2. After its thorough review of the 1,000 plus pages, this Court found that the mediation
privilege asserted by Selective was not applicable to almost all of the documents it had
either withheld or redacted (see ECF 71), and thus, Ordered that three of the documents
at issue remain under seal as having been properly withheld and/or redacted; but further
Ordered the remaining documents at issue to be produced to Golon’s attorney by Noon
on December 11, 2017. See ECF 72.
3. Further, after the detailed analysis set forth in ECF 71, and after finding the mediation
privilege (and the relevancy objection as to reinsurance documents) not applicable to the
overwhelming majority of the documents, the Court removed the seal thereon, and
Ordered the Clerk of Court to lift the seal on all but the three privileged documents, and
then, file the non-privileged documents at ECF 74. The Court also Ordered the Clerk of
Court to separately re-file those three documents which were subject to the mediation
privilege under seal at ECF 73.
4. Upon the Court’s entry of its Memorandum Opinion (ECF 71) and Order (ECF 72),
Selective immediately filed an “Unopposed Emergency Motion” to reseal all of the
documents the Court had just deemed were not subject to the mediation privilege (or
Selective’s relevancy-reinsurance objection). See ECF 75.
5. Instead of complying with the Court’s Order (ECF 72) directing Selective to produce all
but the three protected documents to Golon’s attorney by Noon on December 11, 2017
(see text Order at ECF 76), Selective openly stated that it would only produce to Golon’s
attorney those documents it had previously withheld on the grounds of relevancy (i.e., the
reinsurance documents), and it would file a Motion for Reconsideration as to the
mediation privilege documents the Court had ordered produced. See ECF 83 at p. 3.
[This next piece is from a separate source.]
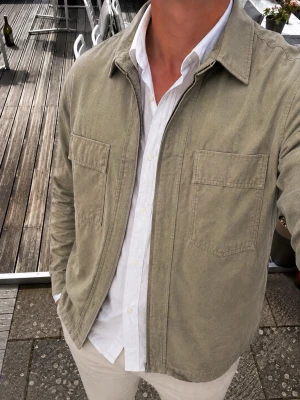 Zara Man Overshirt – Olivgrön/Khaki – Relaxed Fit - Snygg och stilren overshirt från Zara Man i en olivgrön/khaki nyans. Modellen har relaxed fit, dragkedja framtill, klassisk skjortkrage och två stora bröstfickor med detaljerad sömnad. Perfekt som ett lager över skjorta eller T-shirt och passar både till jeans och chinos.  Storlek: S Passform: Relaxed fit Färg: Olivgrön/khaki Märke: Zara Man Tillverkad i Turkiet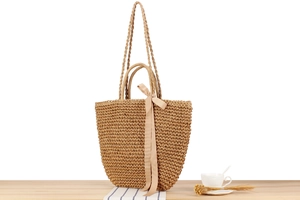 Detailed close-up of woven paper rope shoulder bag with silk bow and twin handles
6. Importantly, the Court notes that without reaching the merit of this federal bad faith and
breach of contract case, the “mediation privilege” documents which the Court ordered to
be produced, arguably provide evidence which may support Golon’s allegation that
Selective engaged in “bad faith, high risk, [and] brinkmanship negotiation strategy,”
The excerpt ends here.